The default data contains objects to store the values of the cost, residual vector and their derivatives (first and second order derivatives). However, it is possible to specialize this function if we need to create additional data, for instance, to avoid dynamic memory allocation.

Parameters:

data – Data collector

Returns:

the cost data

const std::shared_ptr<StateAbstract> &get_state() const

Return the state.

const std::shared_ptr<ActivationModelAbstract> &get_activation() const

Return the activation model.

const std::shared_ptr<ResidualModelAbstract> &get_residual() const

Return the residual model.

std::size_t get_nu() const

Return the dimension of the control input.

template<class ReferenceType>
void set_reference(ReferenceType ref)

Modify the cost reference.

template<class ReferenceType>
ReferenceType get_reference()

Return the cost reference.

virtual void print(std::ostream &os) const

Print relevant information of the cost model.

Parameters:

os[out] Output stream object

Public Members

EIGEN_MAKE_ALIGNED_OPERATOR_NEW typedef _Scalar Scalar

Protected Functions

virtual void set_referenceImpl(const std::type_info&, const void*)

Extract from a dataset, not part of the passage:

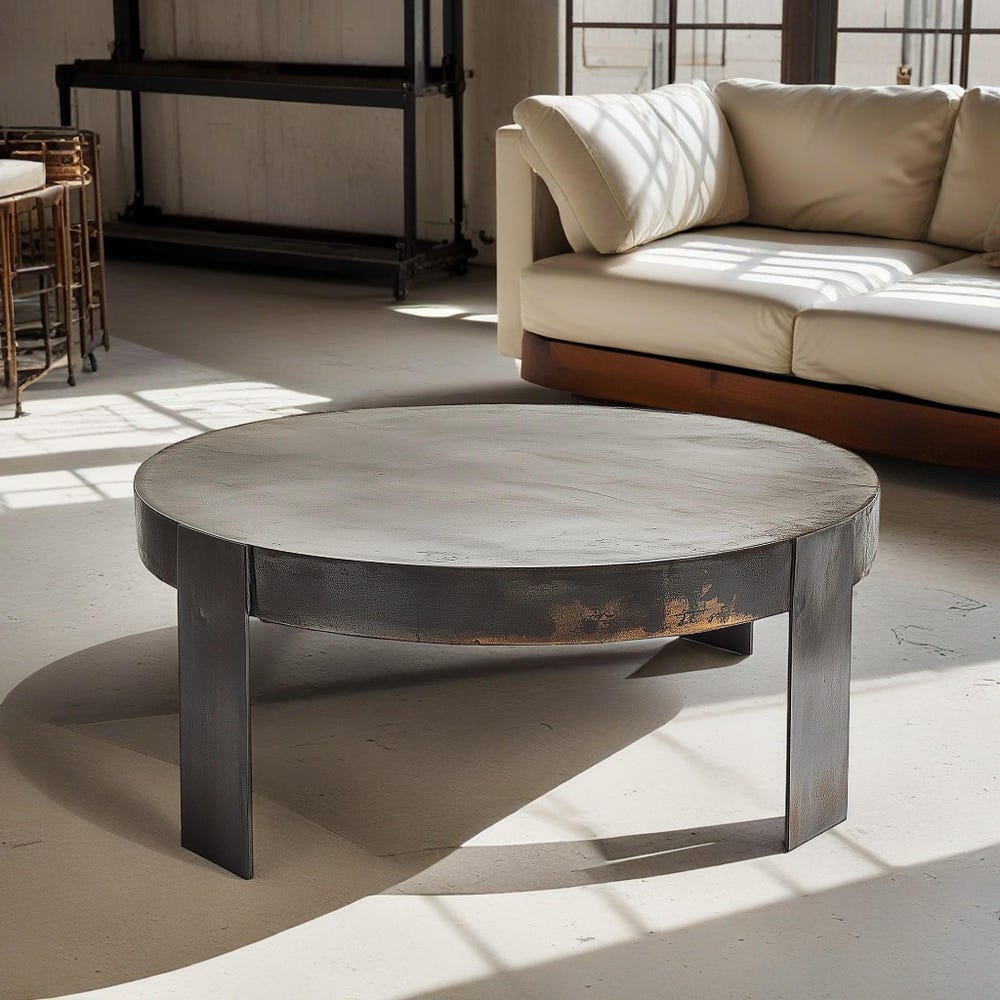 Round Metal Coffee Table, Unique Coffee Table, Central Modern Round Coffee Table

Modify the cost reference.

virtual void get_referenceImpl(const std::type_info&, void*)

Return the cost reference.

inline CostModelAbstractTpl()

Protected Attributes

std::shared_ptr<StateAbstract> state_

State description.

std::shared_ptr<ActivationModelAbstract> activation_

Activation model.

std::shared_ptr<ResidualModelAbstract> residual_

Residual model.

std::size_t nu_

Control dimension.

VectorXs unone_

No control vector.

Friends

template<class Scalar>
friend std::ostream &operator<<(std::ostream &os, const CostModelAbstractTpl<Scalar> &model)

Print information on the cost model.